__What you are asked to do__. Reproduce the tail of the data exactly. It starts at the line containing "Pláštenka s kapucňou oversize červená" and runs to the last line.

(Brief descriptive captions)

Content starts

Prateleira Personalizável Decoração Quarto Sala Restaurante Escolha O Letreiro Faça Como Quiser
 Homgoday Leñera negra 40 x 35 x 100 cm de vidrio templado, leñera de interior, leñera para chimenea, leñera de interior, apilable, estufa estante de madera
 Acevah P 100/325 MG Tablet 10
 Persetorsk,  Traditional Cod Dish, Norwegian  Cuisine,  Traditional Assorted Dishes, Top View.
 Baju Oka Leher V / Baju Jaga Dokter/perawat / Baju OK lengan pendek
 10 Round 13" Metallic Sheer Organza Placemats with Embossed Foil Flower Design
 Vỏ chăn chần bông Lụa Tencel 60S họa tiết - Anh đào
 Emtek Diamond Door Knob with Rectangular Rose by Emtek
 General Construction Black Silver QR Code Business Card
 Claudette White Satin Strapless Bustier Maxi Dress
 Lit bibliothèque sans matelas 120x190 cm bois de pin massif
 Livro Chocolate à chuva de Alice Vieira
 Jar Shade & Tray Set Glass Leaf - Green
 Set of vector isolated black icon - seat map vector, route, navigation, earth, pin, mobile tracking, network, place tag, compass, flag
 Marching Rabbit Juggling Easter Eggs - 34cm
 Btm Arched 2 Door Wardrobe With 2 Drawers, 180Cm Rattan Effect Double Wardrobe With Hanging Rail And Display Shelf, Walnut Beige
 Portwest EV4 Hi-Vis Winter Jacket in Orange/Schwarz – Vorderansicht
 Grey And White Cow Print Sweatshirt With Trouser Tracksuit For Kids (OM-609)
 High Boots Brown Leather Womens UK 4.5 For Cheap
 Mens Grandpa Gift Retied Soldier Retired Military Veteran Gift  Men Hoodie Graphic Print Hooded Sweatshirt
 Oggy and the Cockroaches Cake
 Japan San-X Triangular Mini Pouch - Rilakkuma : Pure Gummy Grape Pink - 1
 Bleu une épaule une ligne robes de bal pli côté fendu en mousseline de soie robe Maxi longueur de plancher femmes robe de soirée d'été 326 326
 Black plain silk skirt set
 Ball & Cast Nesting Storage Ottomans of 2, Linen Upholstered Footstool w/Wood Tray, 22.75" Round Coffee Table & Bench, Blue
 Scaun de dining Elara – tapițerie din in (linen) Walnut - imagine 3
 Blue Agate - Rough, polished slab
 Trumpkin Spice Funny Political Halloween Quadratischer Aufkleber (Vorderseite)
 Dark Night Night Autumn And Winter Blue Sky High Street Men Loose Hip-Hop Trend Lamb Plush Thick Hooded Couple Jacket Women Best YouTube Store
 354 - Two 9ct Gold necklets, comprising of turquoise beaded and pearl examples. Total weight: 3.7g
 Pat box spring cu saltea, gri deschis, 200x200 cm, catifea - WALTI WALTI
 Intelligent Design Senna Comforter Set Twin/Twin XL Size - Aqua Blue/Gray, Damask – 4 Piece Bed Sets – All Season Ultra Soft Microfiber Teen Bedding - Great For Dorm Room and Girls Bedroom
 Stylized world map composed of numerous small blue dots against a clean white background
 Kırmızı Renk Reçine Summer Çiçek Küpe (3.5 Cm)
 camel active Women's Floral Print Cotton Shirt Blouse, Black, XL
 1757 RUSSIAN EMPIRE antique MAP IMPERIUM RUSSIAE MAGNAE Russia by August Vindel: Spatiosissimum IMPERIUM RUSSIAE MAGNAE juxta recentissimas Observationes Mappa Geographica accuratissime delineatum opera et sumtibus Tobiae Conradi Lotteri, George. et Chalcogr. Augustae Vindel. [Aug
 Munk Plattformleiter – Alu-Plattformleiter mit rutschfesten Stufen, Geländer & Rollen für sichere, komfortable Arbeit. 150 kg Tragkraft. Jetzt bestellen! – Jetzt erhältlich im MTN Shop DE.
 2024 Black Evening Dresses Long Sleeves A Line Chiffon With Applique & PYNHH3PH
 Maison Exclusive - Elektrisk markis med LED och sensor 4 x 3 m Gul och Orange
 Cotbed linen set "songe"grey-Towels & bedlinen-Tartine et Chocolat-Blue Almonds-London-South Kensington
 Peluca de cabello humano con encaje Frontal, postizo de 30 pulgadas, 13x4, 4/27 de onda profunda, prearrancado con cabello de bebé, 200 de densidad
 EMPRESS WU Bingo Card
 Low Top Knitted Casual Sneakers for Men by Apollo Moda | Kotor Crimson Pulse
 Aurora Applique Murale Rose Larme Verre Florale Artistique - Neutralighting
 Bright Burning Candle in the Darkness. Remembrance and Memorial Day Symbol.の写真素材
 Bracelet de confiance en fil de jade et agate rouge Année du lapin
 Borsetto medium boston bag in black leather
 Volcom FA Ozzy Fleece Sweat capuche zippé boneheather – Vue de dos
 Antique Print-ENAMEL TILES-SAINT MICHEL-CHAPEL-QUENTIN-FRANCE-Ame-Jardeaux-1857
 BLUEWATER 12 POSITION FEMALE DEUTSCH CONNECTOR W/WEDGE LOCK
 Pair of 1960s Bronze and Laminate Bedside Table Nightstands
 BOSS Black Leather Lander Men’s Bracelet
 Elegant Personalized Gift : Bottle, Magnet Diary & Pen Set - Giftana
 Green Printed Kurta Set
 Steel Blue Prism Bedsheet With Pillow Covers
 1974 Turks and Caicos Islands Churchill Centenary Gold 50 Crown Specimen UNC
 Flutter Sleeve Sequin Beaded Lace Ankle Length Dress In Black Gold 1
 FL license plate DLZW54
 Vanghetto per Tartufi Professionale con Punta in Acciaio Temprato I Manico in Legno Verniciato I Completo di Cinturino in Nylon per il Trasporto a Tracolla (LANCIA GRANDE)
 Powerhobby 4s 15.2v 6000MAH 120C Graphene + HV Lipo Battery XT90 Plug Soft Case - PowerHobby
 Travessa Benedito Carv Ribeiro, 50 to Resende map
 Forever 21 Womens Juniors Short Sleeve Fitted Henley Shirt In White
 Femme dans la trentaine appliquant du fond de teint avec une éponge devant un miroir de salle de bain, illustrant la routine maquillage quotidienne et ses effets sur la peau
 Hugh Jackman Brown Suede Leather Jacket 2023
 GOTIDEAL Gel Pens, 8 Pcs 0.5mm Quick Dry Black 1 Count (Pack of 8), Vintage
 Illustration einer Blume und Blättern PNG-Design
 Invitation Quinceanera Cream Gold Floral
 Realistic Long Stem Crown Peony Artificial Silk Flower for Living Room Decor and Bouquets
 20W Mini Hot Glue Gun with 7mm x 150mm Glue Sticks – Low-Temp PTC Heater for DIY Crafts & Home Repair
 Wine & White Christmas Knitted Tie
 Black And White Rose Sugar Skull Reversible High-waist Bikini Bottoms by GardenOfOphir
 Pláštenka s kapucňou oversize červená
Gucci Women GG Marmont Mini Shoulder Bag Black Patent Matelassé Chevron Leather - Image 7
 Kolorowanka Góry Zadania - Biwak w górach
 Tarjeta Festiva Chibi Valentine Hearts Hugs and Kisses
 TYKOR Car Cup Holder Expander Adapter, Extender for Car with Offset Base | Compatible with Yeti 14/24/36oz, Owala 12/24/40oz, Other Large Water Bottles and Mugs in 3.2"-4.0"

Content ends

__Answer to the exercise__.
 Pláštenka s kapucňou oversize červená
Gucci Women GG Marmont Mini Shoulder Bag Black Patent Matelassé Chevron Leather - Image 7
 Kolorowanka Góry Zadania - Biwak w górach
 Tarjeta Festiva Chibi Valentine Hearts Hugs and Kisses
 TYKOR Car Cup Holder Expander Adapter, Extender for Car with Offset Base | Compatible with Yeti 14/24/36oz, Owala 12/24/40oz, Other Large Water Bottles and Mugs in 3.2"-4.0"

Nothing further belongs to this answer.